I am surprised by J. Peterson’s capacity for synthesis and deepening when he analyses the importance of good works, which he says, have a value in themselves, and which have the virtue of ensuring a reward in the future.  He says that in this way the good man can negotiate in the present his own better future. And then he adds a very striking discourse on how a man who is not very capable by nature (he refers to modest works) can reach a high degree of fulfillment, which is far higher and beyond the social rules of democracy.

 

The Christian resonances are evident. It is a call to every person who thinks that he is doing an unimportant job, or that he considers himself unjustly treated, or that he has been made poor, or sick, or abandoned, etc.
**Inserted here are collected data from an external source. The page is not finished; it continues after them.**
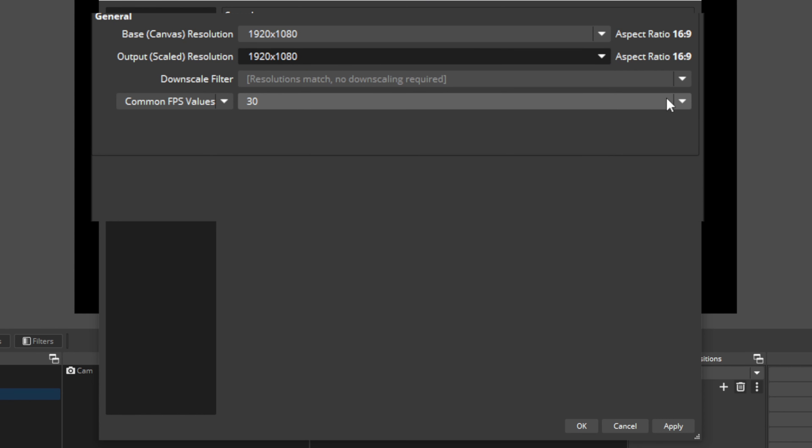The frame rate is another important decision that affects stream quality and performance. A higher frame rate means a smoother, more responsive stream, but also increases demands on your computer and internet connection. Your frame rate will depend on the type of content you're streaming. For most streams, 30 frames per second is a good starting point — it gives you a smooth, responsive stream without overwhelming your system. But if you stream fast-paced games or have a lot of action on screen, 30fps may not look smooth enough, in which case 60 frames per second might be your target.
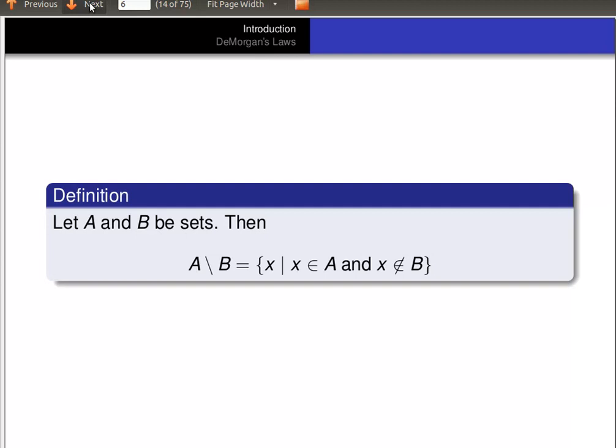One more definition: if A and B are sets, then A minus B is the set of all X such that X is an element of A and X is not an element of B. This is sometimes called the complement of B in A, or A minus B.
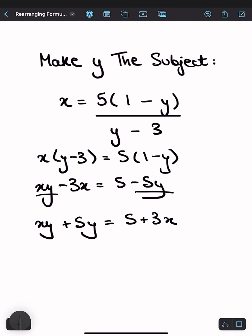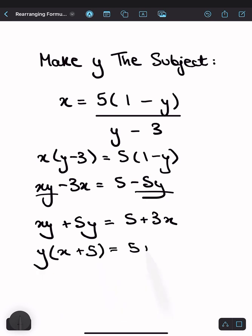And now on our left side, we want to just have one y term. We've got two terms that have y in, so what we can do here is factorize out the y — what multiplies by y to get xy is just x, plus what multiplies by y to get 5y is 5. And now we've just got one y term here. The right-hand side can stay the same since there are no y terms on there.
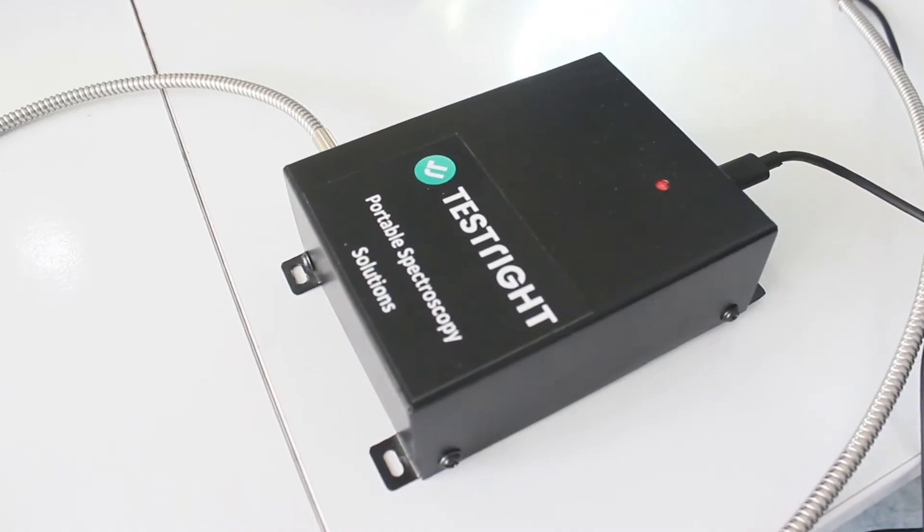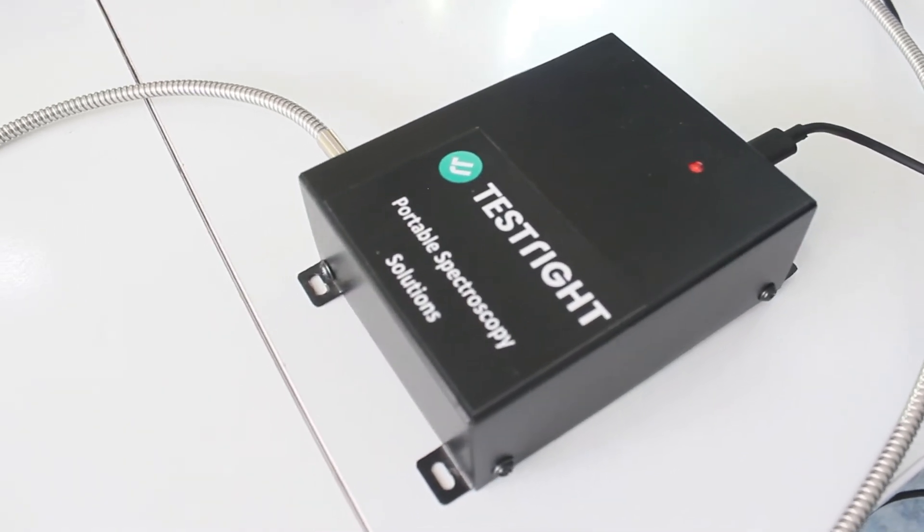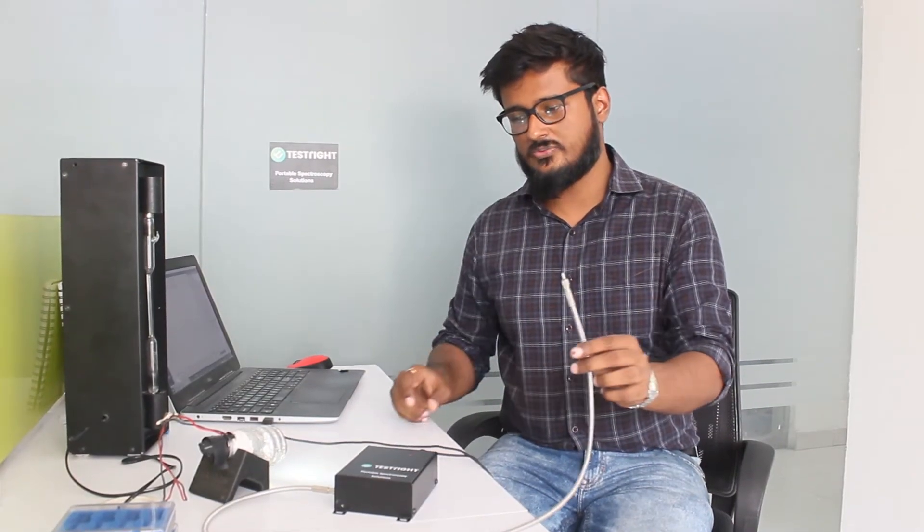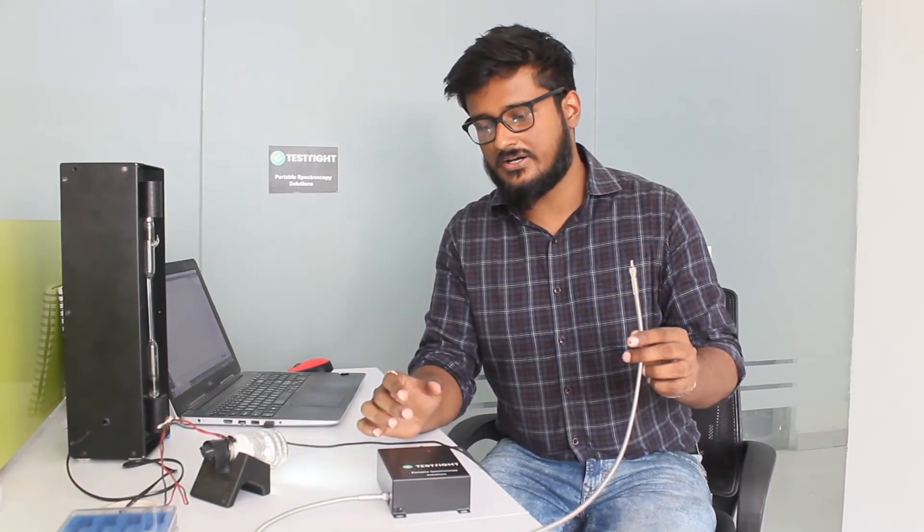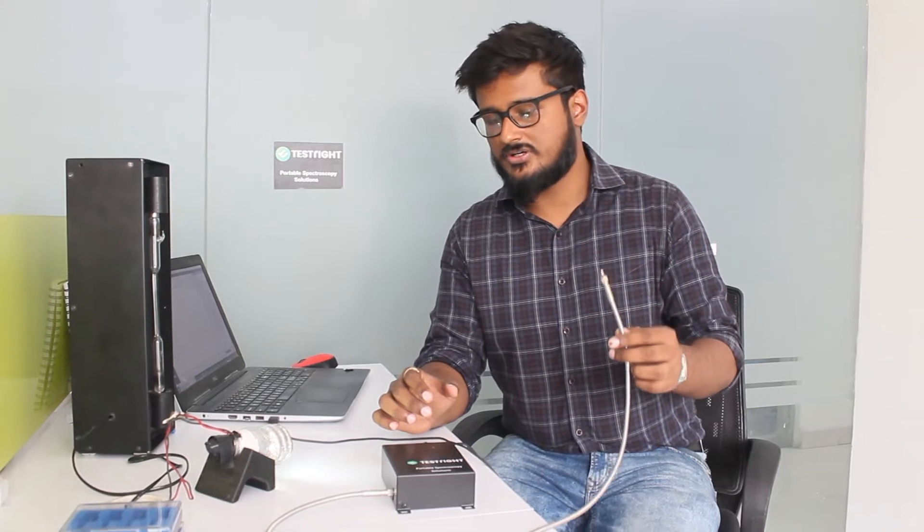You can see it here. It's called the Prism Spec and here we have an SMA connected optical fiber that we are using.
Liberation from these limitations is possible inwardly, by offering God this situation every day.  However, because J. Petersen does not yet believe in God as a father who loves him and waits for him for all eternity, his statements do not offer the optimal solution to the problem. It is only in the religious sphere that man can be healed, forgiven, consoled and exalted in his infinite dignity as a child of God.

 

https://www.youtube.com/watch?v=2G3MsDh2ci8

 

This 12-minute video I’m leaving you with no comment. I would  onnly point out how difficult it is for those who do not have a living, daily relationship with God to get it right about how to talk about faith. And this without putting in doubt the good faith of those who are talking about it. Even theologians have difficulties when their theology is horizontal, leaving aside the vertical line of the cross.